In Endangered Species Act: Successes and Challengesin Agency Collaboration and the Use of Scientific Information in the Decision Making Process (May 19, 2005), the Government Accountability Office (GAO) noted that the FWS had become "overburdened by litigation." Many of the lawsuits were filed by conservationist and animal groups regarding the listing process and designation of critical habitat. In 1992 a coalition of groups sued the Department of Interior charging that the listing process was proceeding too slowly. At that time more than 500 species were awaiting listing. The suit was settled out of court later that year when the FWS agreed to specific time limits for listings of the species at issue.
Designation of critical habitat has also been a contentious issue. In 1997 the Natural Resources Defense Council sued the Department of the Interior (DOI) over the long-standing policy of the U.S. Fish and Wildlife Service to avoid designating critical habitat under the "when prudent" clause. At that time the agency had set critical habitat for only approximately 10% of all listed species. The FWS lost the lawsuit, as well as many subsequent suits in the same vein. In 2000 the agency put a one-year hold on all work related to listing new species so that court-ordered critical habitat work could be tackled.

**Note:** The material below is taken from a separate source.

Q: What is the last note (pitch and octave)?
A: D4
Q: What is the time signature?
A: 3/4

In 2004 the Fish and Wildlife Service lost a case that focused on the agency's decision to ignore petitions submitted for species that are candidate species. The lawsuit specifically dealt with the Gunnison sage grouse, a large ground-dwelling bird found only in parts of Colorado and Utah. In January 2000 a coalition of conservationist groups submitted a petition to the FWS on behalf of the species. The FWS responded that no action was needed on its part, because it planned to designate the species as a candidate species. This decision was in keeping with the agency's long-standing "Petition Management Guidance." In September 2000 the petitioning groups sued the agency claiming that the Guidance violated the intent of the ESA. In 2004 the U.S. District Court for the District of Columbia ruled against the FWS and ordered the agency to respond to petitions that had been submitted for more than 200 candidate species.

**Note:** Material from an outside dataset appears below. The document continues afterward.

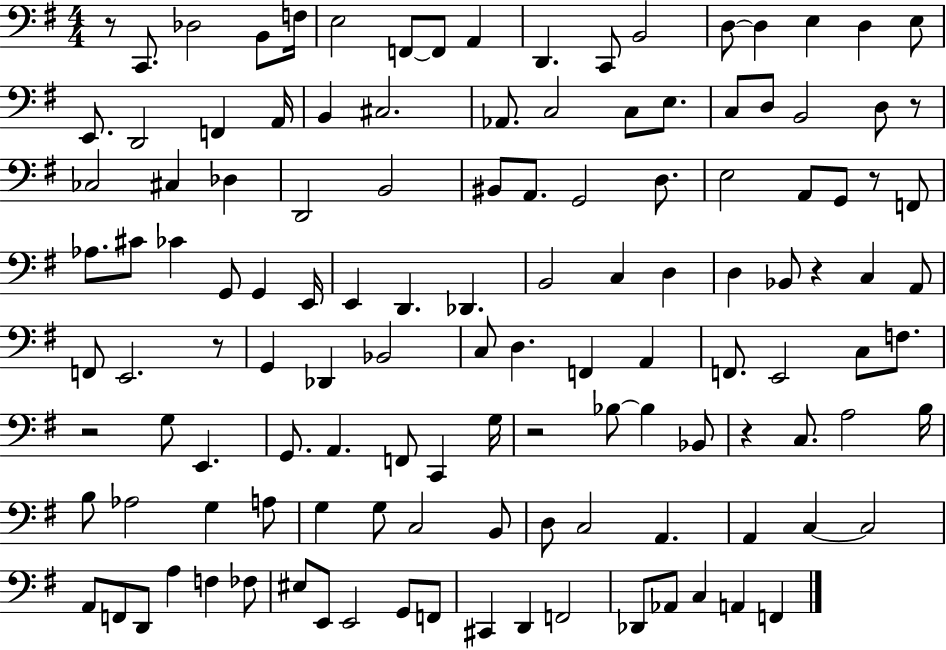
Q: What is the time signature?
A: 4/4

Since the 1990s the Fish and Wildlife Service has repeatedly complained that many of its decisions and activities are driven by court orders, rather than scientific priorities. Conservation and animal groups have taken advantage of ESA provisions that allow citizen involvement in petition submittals and lawsuits. Critics claim that the groups flood the FWS with petitions so that lawsuits can be brought when the agency is unable to respond in a timely manner. Environmentalists counter that the lawsuits are necessary, because the FWS fails to do the job assigned to the agency under the Endangered Species Act to protect imperiled species.